» WORK ORDER
Below are the records. Gather each line that holds "Photo".

» MATERIAL FOR THIS EXERCISE
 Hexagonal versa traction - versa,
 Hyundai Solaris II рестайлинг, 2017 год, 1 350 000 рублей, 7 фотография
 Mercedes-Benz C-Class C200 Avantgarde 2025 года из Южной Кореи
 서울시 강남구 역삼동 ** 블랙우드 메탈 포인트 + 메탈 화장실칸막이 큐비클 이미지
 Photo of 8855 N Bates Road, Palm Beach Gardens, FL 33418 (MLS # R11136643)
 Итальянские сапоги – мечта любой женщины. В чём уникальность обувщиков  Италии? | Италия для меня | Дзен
* * *
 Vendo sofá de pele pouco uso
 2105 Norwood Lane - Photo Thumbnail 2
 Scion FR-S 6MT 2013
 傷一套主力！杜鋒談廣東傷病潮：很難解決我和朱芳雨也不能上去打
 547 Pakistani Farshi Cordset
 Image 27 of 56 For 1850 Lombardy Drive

» EXERCISE RESPONSE
 Photo of 8855 N Bates Road, Palm Beach Gardens, FL 33418 (MLS # R11136643)
 2105 Norwood Lane - Photo Thumbnail 2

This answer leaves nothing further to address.